- [Dataset content]:

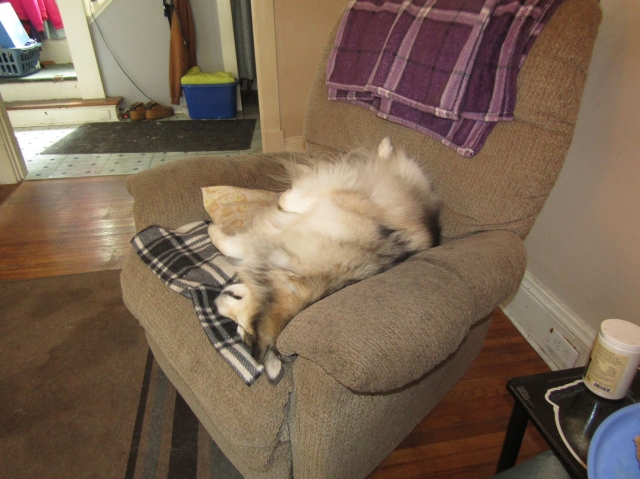 pups09.jpg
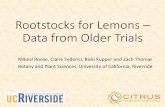 Rootstocks for Lemons – Data from Older Trials– intrinsic fruit quality (internal quality differs for lemons) – fruit size (reduction desirable for late navels) • Stresses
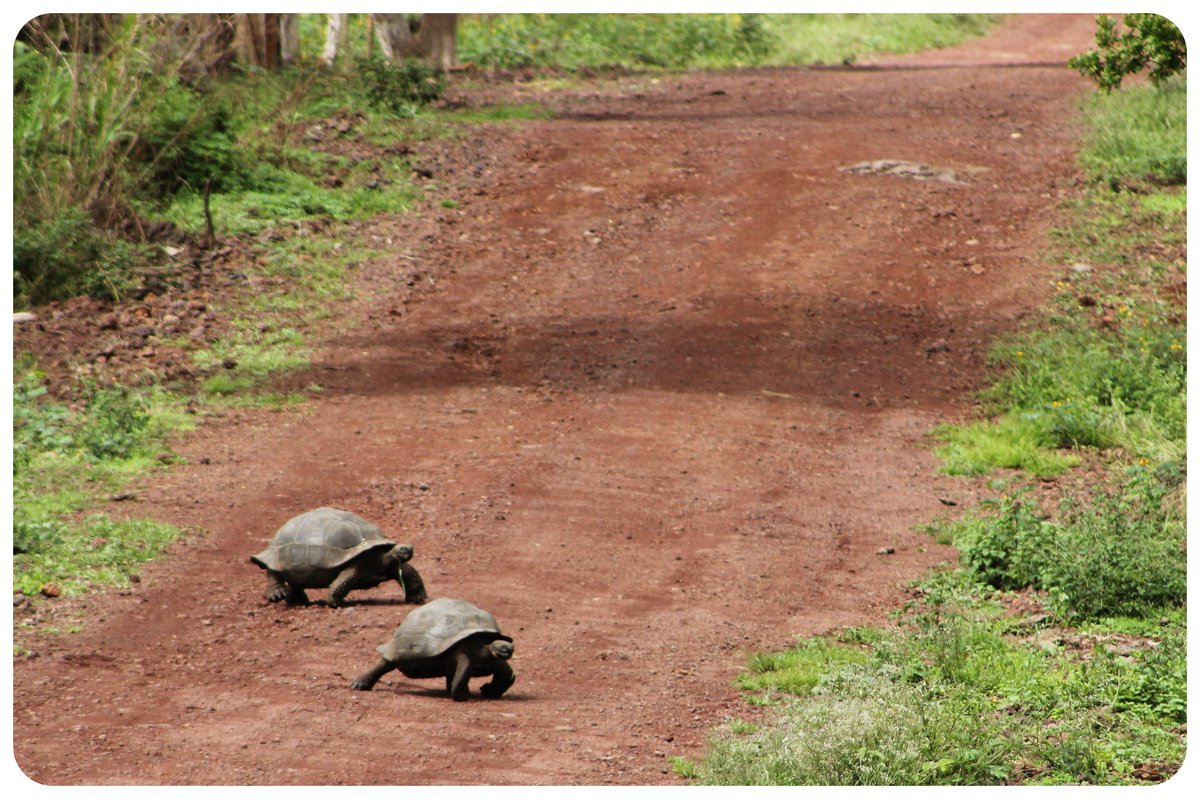 giant tortoises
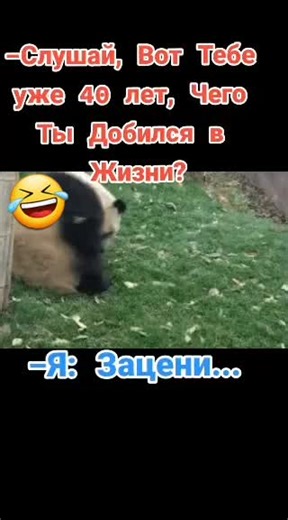 Os vídeos de ❤❤❤Солнышко❤❤❤ (@s_o_l_n_i_w_k_o_60) com оригинальный звук - ❤❤❤Солнышко❤❤❤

- [Exercise instructions]: Leaving every picture out, please copy exactly the lines from the one holding "giant tortoises" through the last line of the listing, both ends included.

- [Solution to the problem]:
 giant tortoises
 Os vídeos de ❤❤❤Солнышко❤❤❤ (@s_o_l_n_i_w_k_o_60) com оригинальный звук - ❤❤❤Солнышко❤❤❤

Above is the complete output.